(GIVEN ENTRIES Opens)
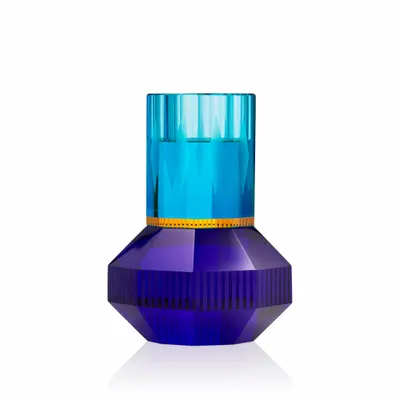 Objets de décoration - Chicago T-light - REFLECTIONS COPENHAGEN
(GIVEN ENTRIES Closes)
(GIVEN ENTRIES Opens)
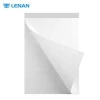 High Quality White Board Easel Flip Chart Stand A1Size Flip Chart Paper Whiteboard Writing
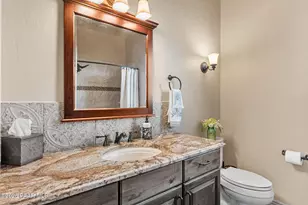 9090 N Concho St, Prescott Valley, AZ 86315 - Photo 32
(GIVEN ENTRIES Closes)
(TASK OBJECTIVE): Write out the lines above from the one with "High Quality White" through the one with "9090 N Concho", ends included, exactly; no picture goes in.

(SOLUTION):
 High Quality White Board Easel Flip Chart Stand A1Size Flip Chart Paper Whiteboard Writing
 9090 N Concho St, Prescott Valley, AZ 86315 - Photo 32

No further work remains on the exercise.